2015 may deliver better value mobile phone services in Australia, as Telstra and Optus throw millions of dollars at creating strong and more widespread mobile networks.
Analysts at Morgan Stanley have predicted that mobile penetration in Australia is set to grow by one per cent or 100,000 new customers this financial year, with Telstra set to win the majority of new customers through its extensive networks and competitive pricing.
Yet, Telstra’s 53 per cent stranglehold on mobile network market share may decline from a 0.6 per cent revenue growth this year to a 1.3 per cent fall in 2016 as Optus and Vodafone fight to increase their customer base according to Credit Suisse telecoms research.

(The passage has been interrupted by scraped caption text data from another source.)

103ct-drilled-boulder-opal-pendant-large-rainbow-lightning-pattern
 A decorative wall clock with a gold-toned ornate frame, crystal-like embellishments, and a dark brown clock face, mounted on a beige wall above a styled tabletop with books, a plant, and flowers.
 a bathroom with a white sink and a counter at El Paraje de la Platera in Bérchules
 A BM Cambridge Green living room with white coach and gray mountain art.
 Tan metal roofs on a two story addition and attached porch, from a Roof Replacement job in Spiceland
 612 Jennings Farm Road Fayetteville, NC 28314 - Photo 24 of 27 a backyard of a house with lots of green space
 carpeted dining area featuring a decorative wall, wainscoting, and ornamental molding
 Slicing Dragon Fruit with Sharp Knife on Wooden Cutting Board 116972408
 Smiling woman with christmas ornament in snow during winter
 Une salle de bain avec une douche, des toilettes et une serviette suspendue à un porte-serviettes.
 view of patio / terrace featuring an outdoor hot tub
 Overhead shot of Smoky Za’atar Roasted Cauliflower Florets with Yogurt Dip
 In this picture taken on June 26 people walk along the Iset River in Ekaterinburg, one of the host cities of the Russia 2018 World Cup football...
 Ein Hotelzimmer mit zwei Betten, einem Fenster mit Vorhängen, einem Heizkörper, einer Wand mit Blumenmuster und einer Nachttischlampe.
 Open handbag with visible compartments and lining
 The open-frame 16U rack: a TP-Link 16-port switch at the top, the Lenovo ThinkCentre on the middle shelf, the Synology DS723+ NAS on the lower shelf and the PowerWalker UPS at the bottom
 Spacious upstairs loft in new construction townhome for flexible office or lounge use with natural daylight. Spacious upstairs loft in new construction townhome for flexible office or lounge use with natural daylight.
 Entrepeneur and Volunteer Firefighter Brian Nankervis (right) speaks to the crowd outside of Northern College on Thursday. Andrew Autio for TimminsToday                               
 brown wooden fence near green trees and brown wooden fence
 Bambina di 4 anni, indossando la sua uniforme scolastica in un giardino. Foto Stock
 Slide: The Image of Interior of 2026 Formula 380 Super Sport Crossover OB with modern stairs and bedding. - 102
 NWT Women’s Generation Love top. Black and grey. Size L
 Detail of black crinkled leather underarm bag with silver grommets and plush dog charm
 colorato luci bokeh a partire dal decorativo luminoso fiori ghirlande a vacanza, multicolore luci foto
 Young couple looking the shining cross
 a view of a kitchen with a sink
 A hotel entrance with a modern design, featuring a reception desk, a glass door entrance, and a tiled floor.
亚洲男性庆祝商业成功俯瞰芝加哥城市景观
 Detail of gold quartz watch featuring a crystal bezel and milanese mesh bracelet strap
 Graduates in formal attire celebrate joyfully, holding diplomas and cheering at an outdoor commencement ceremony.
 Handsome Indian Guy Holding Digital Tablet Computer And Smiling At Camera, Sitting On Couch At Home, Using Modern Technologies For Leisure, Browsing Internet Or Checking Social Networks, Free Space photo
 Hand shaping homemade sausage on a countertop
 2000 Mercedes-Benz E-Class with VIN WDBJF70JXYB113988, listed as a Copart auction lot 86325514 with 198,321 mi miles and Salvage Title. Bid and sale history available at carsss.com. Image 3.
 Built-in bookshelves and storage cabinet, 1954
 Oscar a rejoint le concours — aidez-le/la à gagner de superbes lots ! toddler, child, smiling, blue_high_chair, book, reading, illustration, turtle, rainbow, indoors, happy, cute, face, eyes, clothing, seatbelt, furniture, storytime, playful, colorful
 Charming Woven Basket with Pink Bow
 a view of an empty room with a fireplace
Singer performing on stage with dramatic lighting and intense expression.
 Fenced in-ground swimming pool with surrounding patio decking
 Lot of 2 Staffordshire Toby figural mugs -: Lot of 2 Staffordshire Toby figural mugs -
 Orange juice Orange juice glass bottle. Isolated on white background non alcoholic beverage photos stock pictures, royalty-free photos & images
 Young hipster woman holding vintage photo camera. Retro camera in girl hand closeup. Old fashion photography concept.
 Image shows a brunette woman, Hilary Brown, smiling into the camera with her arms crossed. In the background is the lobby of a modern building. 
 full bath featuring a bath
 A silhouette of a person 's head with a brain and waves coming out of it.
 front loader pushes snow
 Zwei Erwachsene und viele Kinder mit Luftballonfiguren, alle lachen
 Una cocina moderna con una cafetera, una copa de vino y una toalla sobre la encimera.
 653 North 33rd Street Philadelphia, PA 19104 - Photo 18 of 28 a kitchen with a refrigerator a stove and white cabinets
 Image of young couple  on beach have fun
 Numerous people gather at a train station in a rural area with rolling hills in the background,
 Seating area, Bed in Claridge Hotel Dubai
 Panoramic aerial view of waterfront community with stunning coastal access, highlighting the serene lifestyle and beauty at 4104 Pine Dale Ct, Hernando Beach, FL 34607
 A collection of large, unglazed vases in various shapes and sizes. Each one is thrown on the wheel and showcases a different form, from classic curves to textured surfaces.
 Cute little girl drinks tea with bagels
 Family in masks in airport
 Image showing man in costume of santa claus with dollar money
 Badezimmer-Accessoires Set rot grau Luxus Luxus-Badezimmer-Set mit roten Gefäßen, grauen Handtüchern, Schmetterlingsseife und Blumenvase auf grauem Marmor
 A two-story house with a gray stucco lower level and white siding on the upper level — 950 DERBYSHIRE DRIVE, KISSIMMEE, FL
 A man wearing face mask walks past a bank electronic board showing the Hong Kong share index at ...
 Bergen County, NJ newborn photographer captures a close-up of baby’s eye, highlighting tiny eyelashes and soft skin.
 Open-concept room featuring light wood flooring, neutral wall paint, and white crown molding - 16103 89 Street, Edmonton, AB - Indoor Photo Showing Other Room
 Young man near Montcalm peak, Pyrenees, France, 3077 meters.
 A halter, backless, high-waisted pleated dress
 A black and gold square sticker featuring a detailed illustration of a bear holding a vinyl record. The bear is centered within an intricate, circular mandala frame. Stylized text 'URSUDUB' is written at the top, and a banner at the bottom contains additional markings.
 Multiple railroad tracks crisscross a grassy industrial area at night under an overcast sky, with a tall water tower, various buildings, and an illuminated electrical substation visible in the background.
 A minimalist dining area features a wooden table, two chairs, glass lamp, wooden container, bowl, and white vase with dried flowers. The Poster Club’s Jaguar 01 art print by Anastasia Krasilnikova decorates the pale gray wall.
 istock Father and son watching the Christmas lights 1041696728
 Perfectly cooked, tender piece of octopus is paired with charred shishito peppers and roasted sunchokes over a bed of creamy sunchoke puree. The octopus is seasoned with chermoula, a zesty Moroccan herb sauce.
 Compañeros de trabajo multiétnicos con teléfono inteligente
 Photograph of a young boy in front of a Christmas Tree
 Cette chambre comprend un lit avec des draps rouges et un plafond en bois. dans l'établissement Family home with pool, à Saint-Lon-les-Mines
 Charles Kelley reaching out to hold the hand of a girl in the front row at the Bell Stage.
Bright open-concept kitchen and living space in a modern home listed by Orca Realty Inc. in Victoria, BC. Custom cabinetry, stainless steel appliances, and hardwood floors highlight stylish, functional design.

In January, Optus’ new CEO Allen Lew revealed plans to expand its network coverage in a bid to overthrow Telstra as Australia’s number one network.
Its goal is to reach 90 per cent of Australians with 4G in April 2015 and by 2016, Optus hopes to reach 98.5 per cent of Australians.
Professor of Finance Dr Tom Smith of UQ Business School said Optus would need to increase its capital expenditure if it wanted to deliver on its commitment.
“Telstra has spent $1-1.2 billion on capital expenditure per annum for the last 3-4 years on its mobile network, while Optus has spent $600-800 million,” Dr Smith said.
“Optus will have to spend at least as much as Telstra in order to retain its market position.”
Optus would additionally have to rebrand its product either as more affordable or as a superior network service.
“Optus needs to address its inferior coverage, and the perception it has weaker service,” Dr Smith said.
“Optus is perceived as the number one telco by less than 20 per cent of customers compared with approximately 60 per cent for Telstra.
“Optus will likely increase its stake in the market share over the next financial year – however, it is more likely that Optus will gain market share from Vodafone rather than Telstra.”